Review: “One Child”

One ChildZijian Mu’s 40-minute documentary entitled “One Child” exerts a powerful hold on its viewer’s emotions. The film follows four families who lost their only child to an earthquake that took place in Sichuan, China, back in 2008, in which 90,000 people, including more than 5,000 children lost their lives.  It’s a tragedy to lose a child, but even worse in China, due to the government’s one-child policy. China’s government made an exception for those who had lost an only child to conceive another, but some parents are too old to have another child, so they seek to adopt, which isn’t as easy as one might think due to the surplus of Chinese baby girls that have been discarded by their parents.

One depressed parent, who lost her daughter when her school collapsed on her, goes to the countryside because some rural areas families are allowed to have a second child, but if they get a second girl, they’ll put the newborn up for adoption so they can try again for a boy. Unfortunately, the woman was denied the opportunity to adopt an orphaned baby girl.

Each family has sad, tragic tales about the child they lost because the schools they attended were poorly built.  While the Chinese government buildings didn’t move an inch during the earthquake, and, were as solid as the “Rock of Gibraltar”, schools and child day care centers crumbled like paper mache or sand, because they were built shoddily by government contractors who “cut corners” for this type of building.

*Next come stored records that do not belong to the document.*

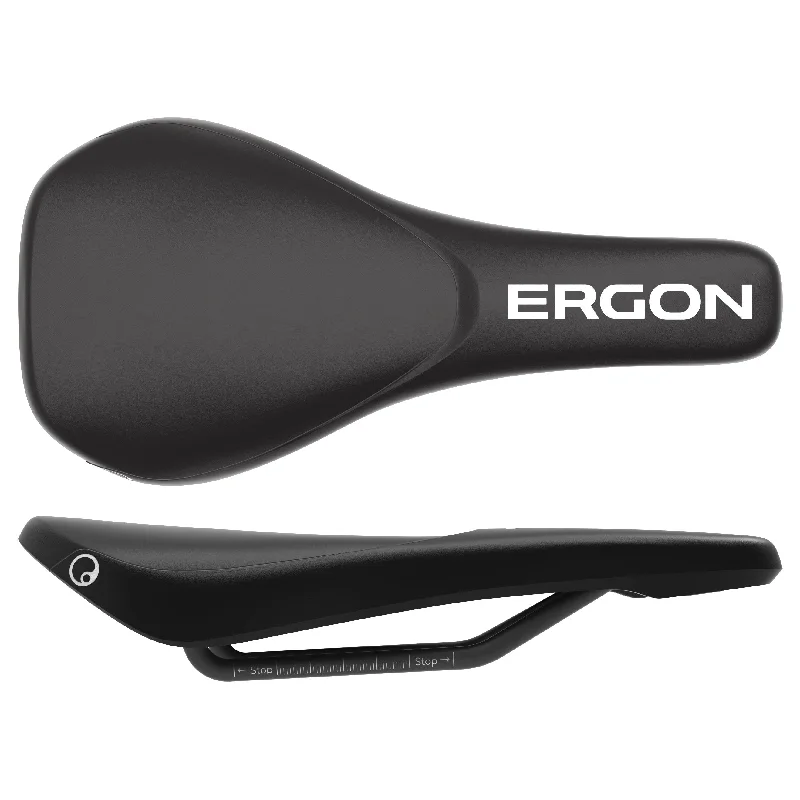 Bicycle riding shoes with stretch shell-Ergon SM Downhill Saddle - Black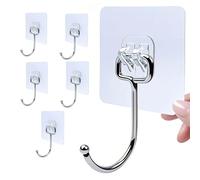 Zesc-Im 6PCS Self Adhesive Hook, Upgraded 35 lb/ 15kg (Max) Strong Sticky Hooks for Hanging Heavy Duty, Damage Free Large Size Wall Hooks Up, Clear Stick on Hook for Home Bathroom Kitchen and Office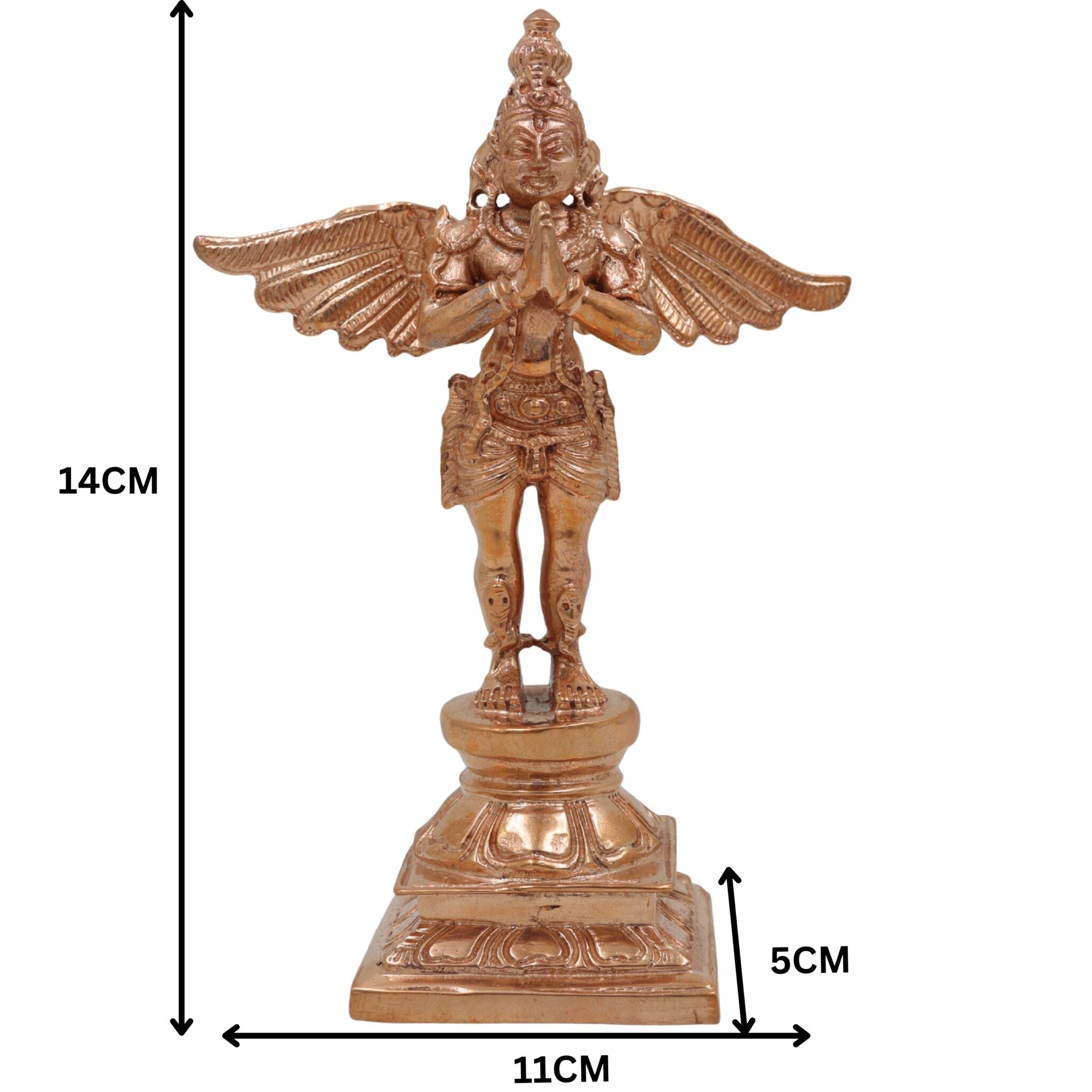 Bronze Lord Garuda Idol | Handcrafted Panchaloha Garuda Dev Murti for Pooja, Vishnu Vahana Temple & Home Decor, Gold, 5.5 Inch, 1 Piece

The Chinese government NEVER admits responsibility or mistakes for the poor construction quality done by the Chinese government’s State Owned Enterprises (SOEs). Instead, the local government prohibits an investigation and orders the ruins, including the bodies of the deceased, buried beneath the bulldozed field, so no evidence of government malfeasance can be investigated by anyone.

The government rebuilt the town, but charged the homeless earthquake victims $8,000 for a housing loan. Government officials enrich themselves with tens of millions of dollars, but force poor, homeless earthquake victims to accept an $8,000 home loan or be homeless.

The film has moments that are heartbreaking and at the same time superbly documents the graft and corruption of the Chinese government in the 21stCentury.